Condamnant dans ce contexte les activités criminelles et la violence barbare perpétrées par les groupes terroristes djihadistes du soi-disant État islamique (EI) qui "représentent une menace majeure pour la région élargie du Moyen-Orient et de l'Afrique du Nord, pour l'Europe, voire pour la paix et la stabilité mondiales", le Parlement demande l'intensification de la forte pression mondiale pour priver l’EI de revenus pétroliers et l’application de sanctions strictes sur leurs transactions financières dont ils sont les bénéficiaires. Le Parlement observe par ailleurs que les ressources financières des groupes djihadistes proviennent également de certains pays arabes, "auxquels l'Union devraient demander davantage de cohérence", dit le texte.

Renforcer un ordre mondial coopératif et fondé sur des règles

Le Parlement européen se dit enfin "convaincu" que les États-Unis sont un "partenaire stratégique essentiel de l'Union" et promeut en conséquence "une coordination plus étroite, d'égal à égal, dans le domaine de la politique étrangère européenne, de sorte que le droit international soit respecté et que des stratégies communes soient adoptées contre les problèmes qui se posent dans le voisinage de l'Union et à l'échelle mondiale".

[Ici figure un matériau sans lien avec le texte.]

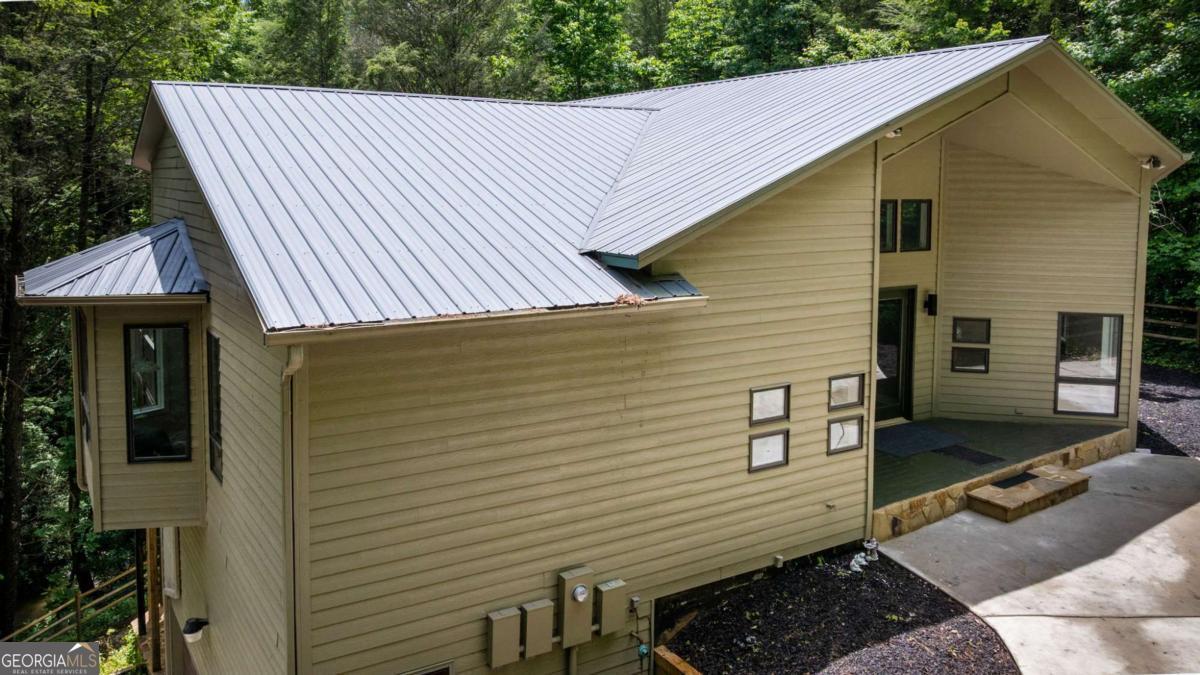 Ellijay, Georgia, 30540, United States, 5 Bedrooms Bedrooms, ,5 BathroomsBathrooms,Residential,For Sale,1868154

Dans ce contexte, la résolution souligne "le caractère stratégique" du partenariat transatlantique de commerce et d'investissement (PTCI ou TTIP), "qui a le potentiel d'inciter les partenaires transatlantiques à fixer des normes en matière d'emploi, de santé, d'environnement et de propriété intellectuelle, et à renforcer la gouvernance au niveau mondial".